> _Required work_: In the listing, locate the line containing "Обама предложил заморозить", then quote it and all following lines exactly. Omit pictures.

Start of Collected material

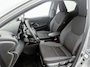 Toyota Yaris 1.5 Hybrid 115 Dynamic Comfort Pack | BTW voertuig | Stoel+stuurverwarming | Dodehoek detectie | Parkeersensoren voor+achter | Draadloze telefoonlader | Navigatie | Apple CarPlay/Android Auto |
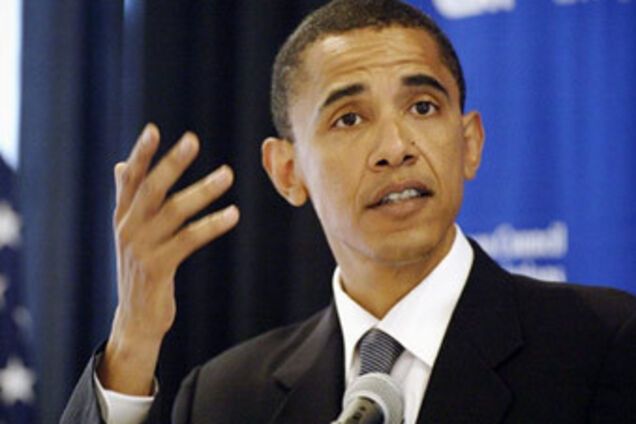 Обама предложил заморозить зарплаты чиновников до 2013 года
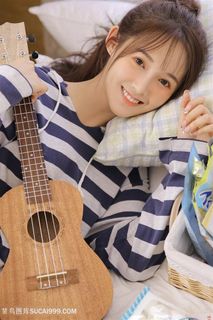 抱着吉他的清纯美女图片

End of Collected material

> _Result for this exercise_:
 Обама предложил заморозить зарплаты чиновников до 2013 года
 抱着吉他的清纯美女图片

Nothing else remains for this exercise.